SingLife managed quite a coup this week buying the Singapore assets of British giant, Aviva Insurance. The one part of Aviva in Singapore that is not going to SingLife, however, is Aviva Investors. That remains part of the UK operations and it will continue as a separate local company. Charles Wong remains in charge of the wholesale distribution at the business. Aviva has had success this year with its Global Convertibles Fund – it is up 18% since 1 January.
A chart is worth a thousand words. Well it can be. Spy rather loved this one sent through by a reader. It covers the GDP per capita of countries across the world. It is staggering to see how well Singapore, Macao and Hong Kong have done over the last fifty years, according to IMF data. The chart is courtesy of HowMuch.net, a site that loves visualising financial information, among other stats.
This week, Blackrock’s CEO, Larry Fink, nailed the key question of our era in Spy’s mind. Talking at a Morningstar conference he commented, “I don’t believe Blackrock will be ever 100% back in the office. I actually believe maybe 60% or 70%, and maybe that’s a rotation of people. But I don’t believe we’ll ever have a full, you know, cadre of people in office.” That said, Fink was not convinced we really know the effects on company culture. “Through technology we’ve been operating really well, really efficiently,” he said, “but I really am worried about this whole idea of culture. How long can you keep that culture together?” He added, “Cultures were not meant to be done in a remote fashion, and culture is what binds and unifies us as an organisation.” He concluded, “I’m still not sure how well we’re doing on a cultural basis.” Spy reckons there are literally thousands of companies wondering exactly the same thing.

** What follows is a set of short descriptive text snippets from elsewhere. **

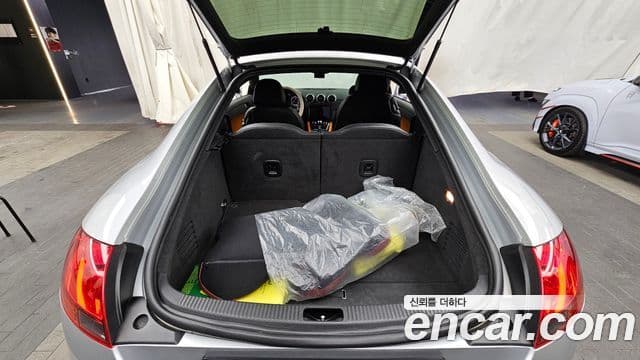 Audi TTS 8J, 2011 20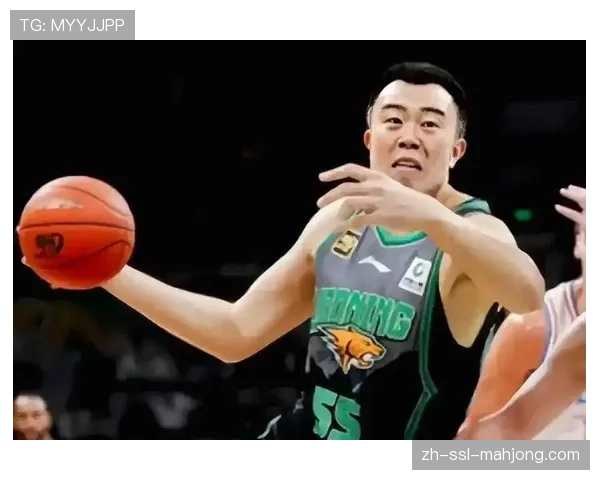 特写：老将韩德君完成生涯600场里程碑，赛后获赠定制纪念球衣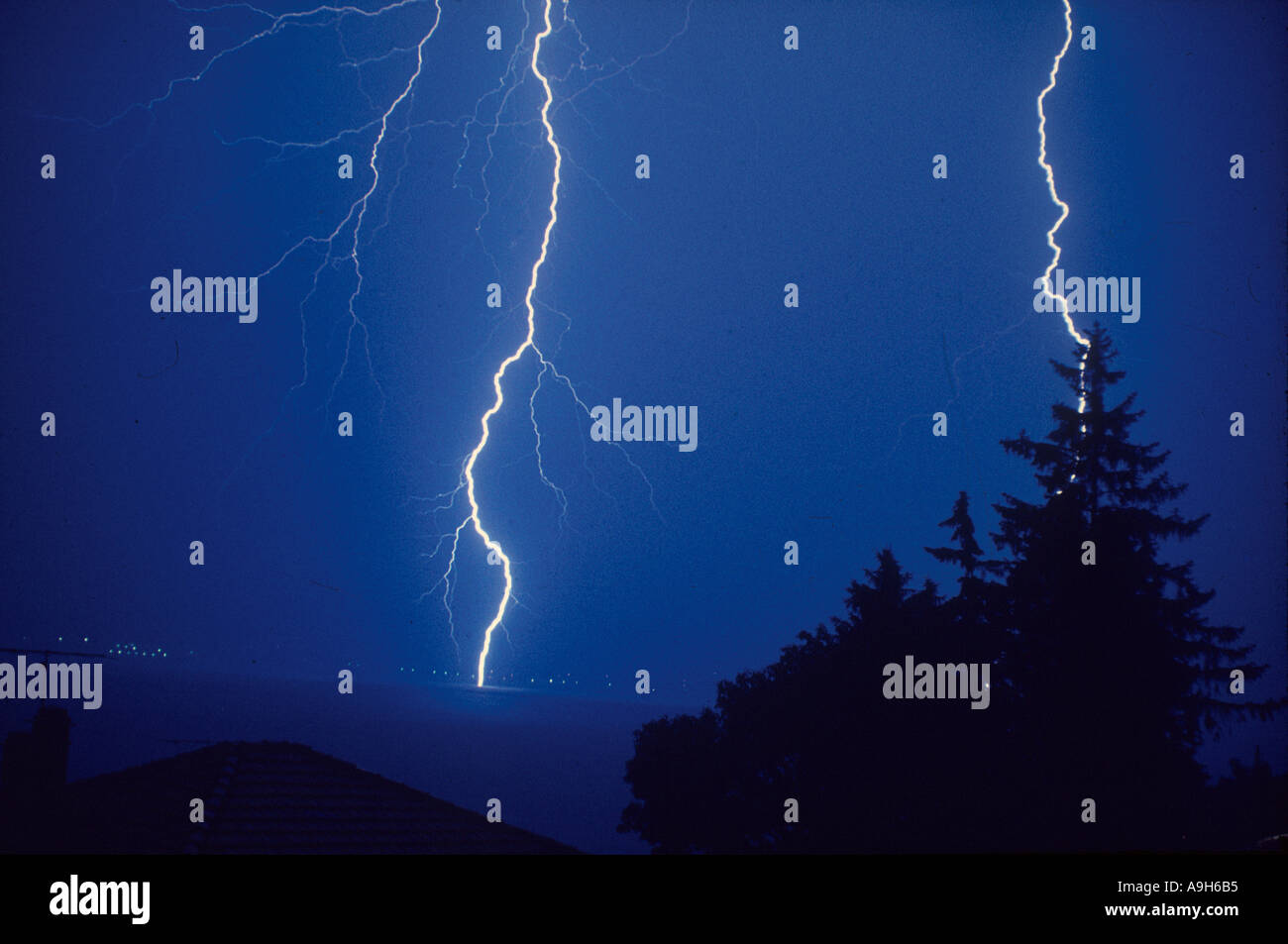 Blitz Gabel Blitz Straßenlaternen Baum Silhouette Stockfoto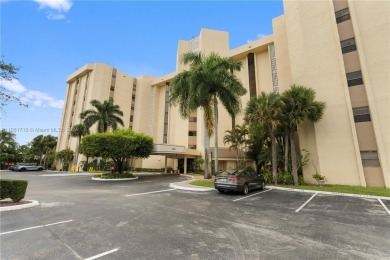 Welcome to your stunning approx. 2000 sqft condo, featuring on Inverrary Country Club in Florida - for sale on GolfHomes.com, golf home, golf lot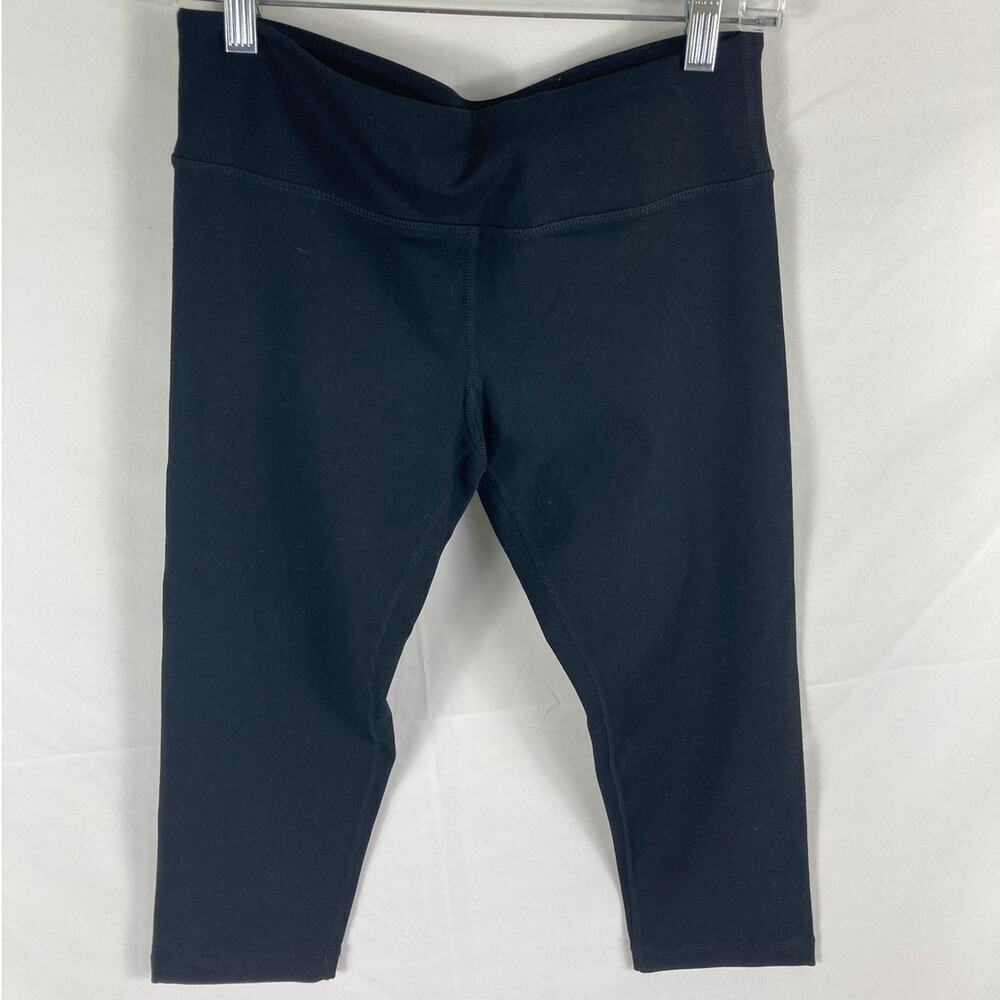 Lululemon Black Cropped Leggings Size 8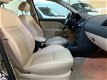 Ford Mondeo - 1.8-16V Ghia Clima Leer Trekhk LmVelgen NL-Auto NAP - 1 - Thumbnail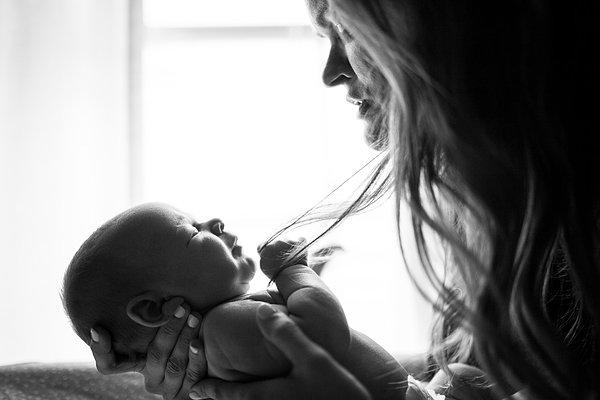 Massachusetts Üniversitesi'nde yapılan araştırma, erkek bebeklerin plasentalarının anne bağışıklığını daha yüksek tuttuğu sonucuna vardı.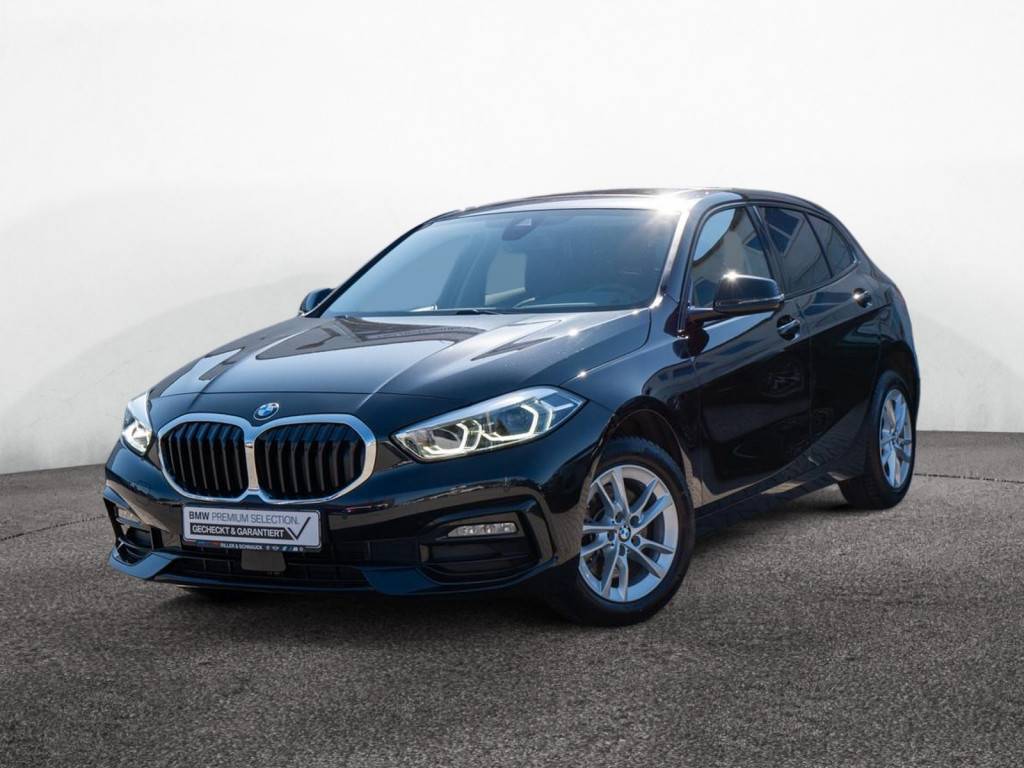 BMW 118i Sport Line PDC SHZ KAMERA NAVI LED PANO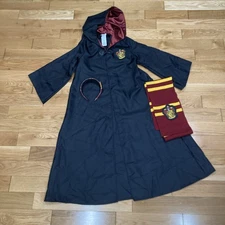 Harry Potter Wizarding World Gryffindor Robe Kids Large  10/12 Scarf & Headband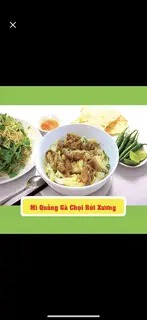 Hình ảnh Mì quảng gà chọi rút xương - trứng cút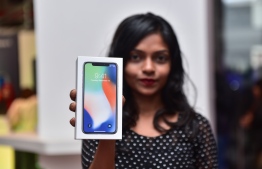 ކުލަގަދަ ހަފުލާއާއެކު ދިރާގުން އައިފޯނު 10 ވިއްކަން ފަށައިފި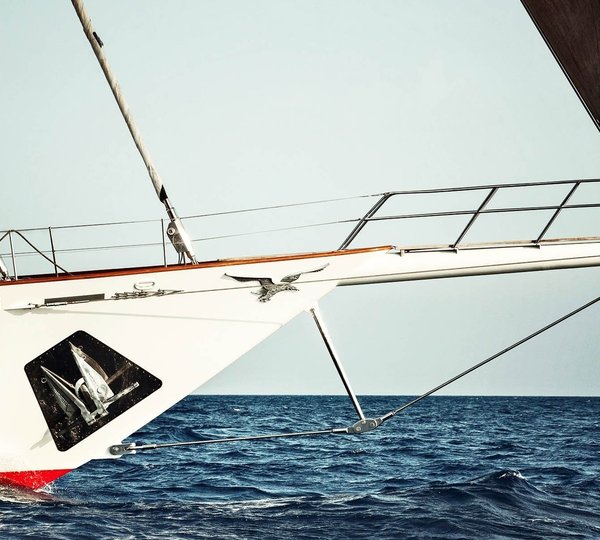 Profile Aspect Aboard Yacht AIGLON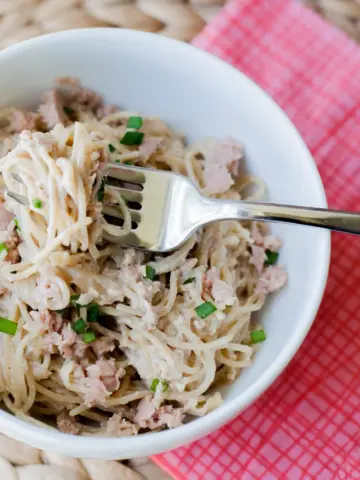 Spaghetti with tuna. Tallarines con atún.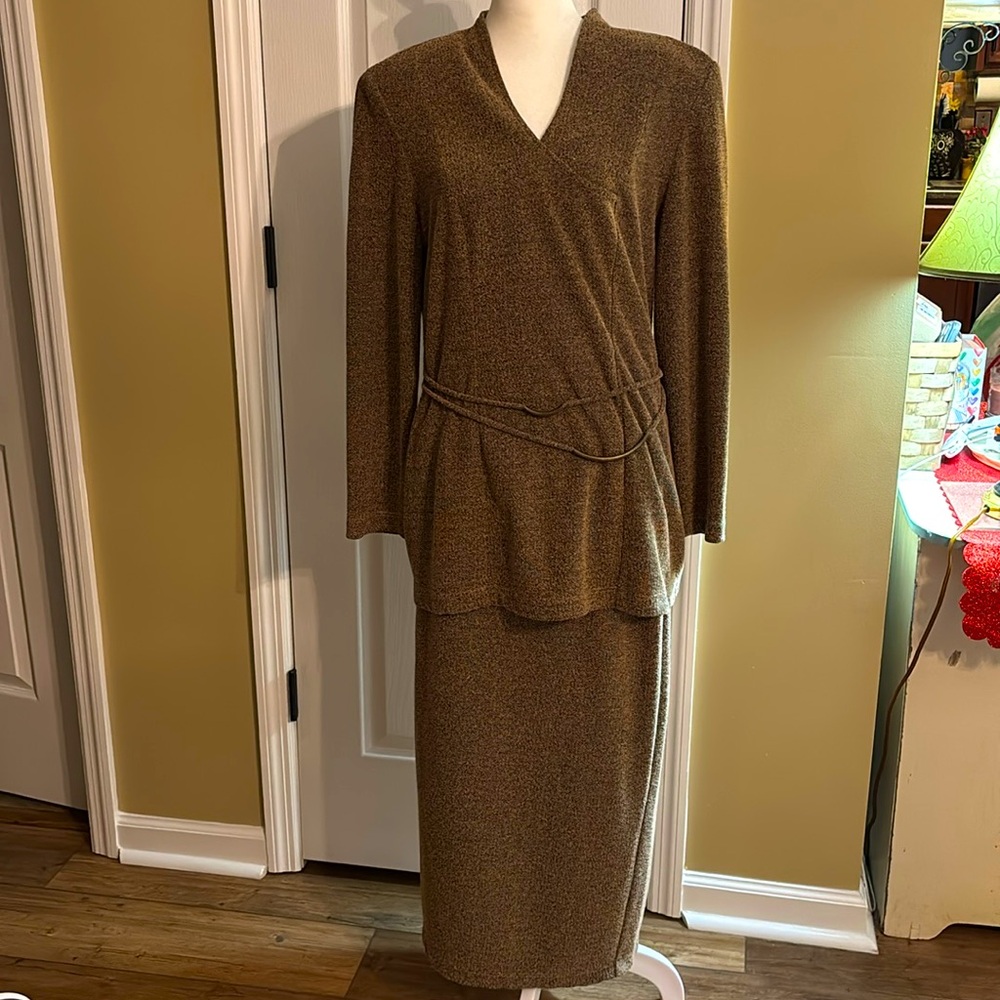 Joseph Ribkoff Women’s two
Piece skirt set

Wanna buy a corporate bond? Well, lucky for you there have never been so many available to choose from. The market has had an absolute binge of issuance; a positive riot of debt. So far this year, $2.6tn of bonds have been issued across all currencies by corporates according to Bloomberg data. Spy is simply not convinced that this ends well. Central banks gave the market confidence during the pandemic nadir by indicating they were buying too, but data has begun to show that the Fed, probably the biggest influencer of all, did not buy that much itself. More a case of do as I say, rather than do what I do. And the total debt pile just keeps growing. Even before the pandemic hit, global debt to GDP to 340% and growing. Get out your popcorn.
So we now have another tech name for the Robin Hood crowd to place their options bets on. Step aside Tesla, Nikola, Apple – make way for the Warren Buffet-backed Snowflake Inc. Hats off to the investment bankers, Goldman Sachs and Morgan Stanley, who IPO’d this cloud services business that is only eight years old. It had a rocketing start on Wednesday before succumbing to a touch of profit-taking yesterday. Still, the business now has a market cap, this morning, of $63bn. Not bad for a business that lost $348m last year. Spy can’t help wonder if the people behind the business realise that snowflakes don’t last very long, despite their uniqueness.
Does Central Bank liquidity help the man in the street? Spy this week spotted this rather cynical, but probably rather truthful, picture. When money is splashing about, it seldom reaches the bottom glasses.
Spy’s photographers have not seen much new advertising out and about. A new retail campaign by Allianz GI was spotted in Singapore’s consumer online press. The firm is focusing on income helping those worried about risk and return. There must be lots of those out there.